Runs the resulting binary.
Checks that stdout matches the expected output.
This catches bugs that text-based tests miss: memory corruption (the binary crashes), wrong operator precedence (the output is a different number), and missing frees (detectable with sanitizers).
# Run the codegen tests
go test ./codegen/ -v Monk has 35 integration tests covering arithmetic, strings, control flow, functions, arrays, records, error handling, and nested expressions.

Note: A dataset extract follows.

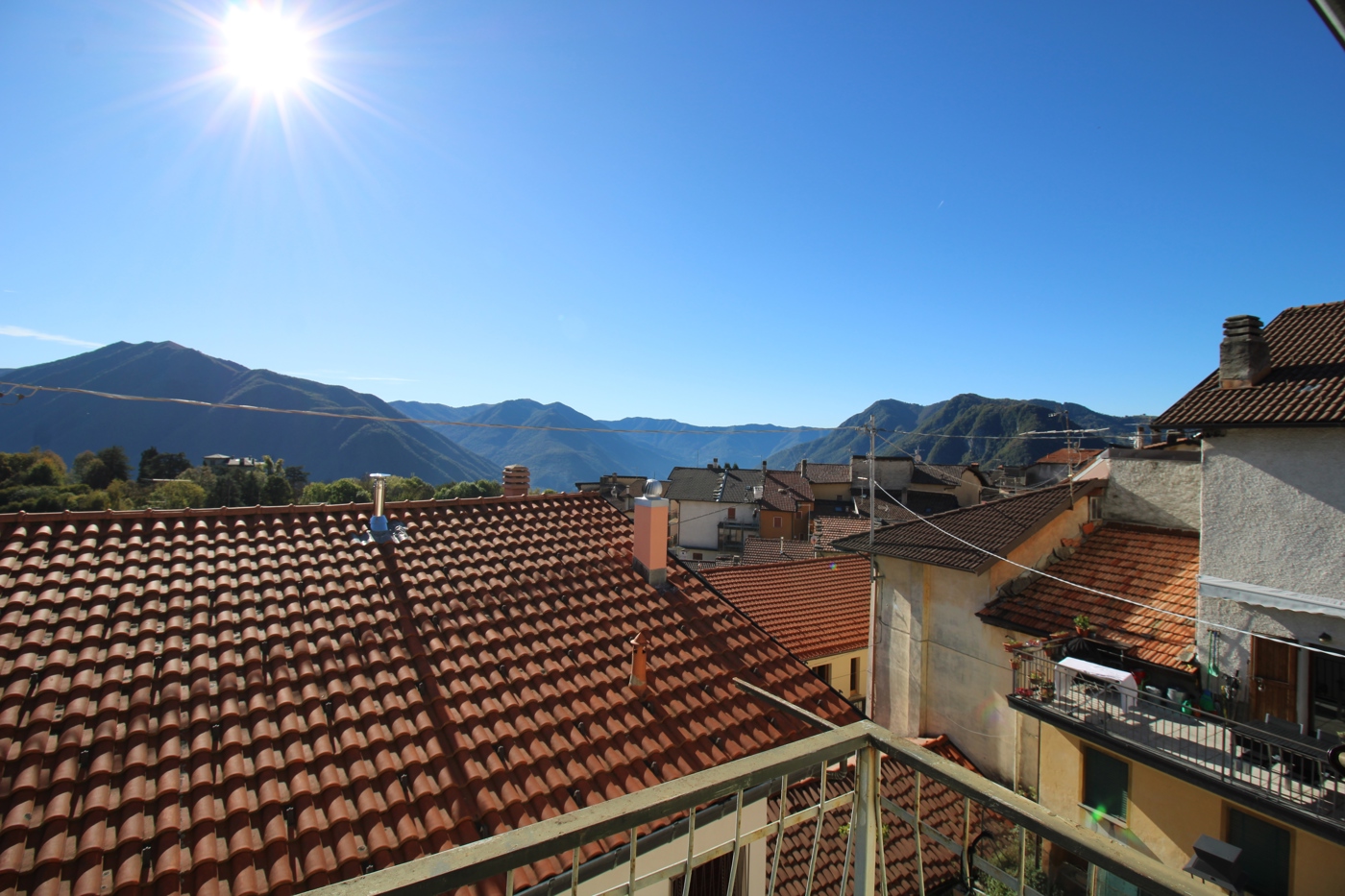 Casa indipendente vista lago a Pigra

Common bugs and how to spot them.
Use-after-free
Freeing a value and then reading it. Symptom: intermittent crashes or garbage output. Fix: always compute-then-free-then-assign.
Missing free
Allocating a temp variable and never freeing it. Symptom: memory leak, no crash. Fix: every _tmp_N must have a matching monk_free(_tmp_N).
Double free
Freeing the same value twice. Symptom: crash, usually immediate. Fix: track ownership. Once freed, the variable should never be freed again.
Wrong temp variable scope
A temp variable allocated inside a loop but freed outside it (or vice versa). Symptom: variable not found at compile time, or freed too early. Fix: temps should be allocated and freed in the same scope.
Your task
Write a test that compiles this Monk program, runs the binary, and verifies the output is 7:
let x = 1 + 2 * 3
show(x)
This exercises the full pipeline: parsing (operator precedence ensures 2 * 3 evaluates first), codegen (temp variables for the intermediate results), compilation (the generated C must be valid), and execution (the binary must print 7).
Key takeaways
The emitter is a struct with a string builder. It writes C code line by line, tracking indentation and temp variable names.
Temp variables hold intermediate expression results. A global counter ensures unique names.
#line directives map C errors back to the original .monk file. Every AST node carries its source position.
Tests are integration tests: parse, generate, compile, run, check stdout. Not text comparison.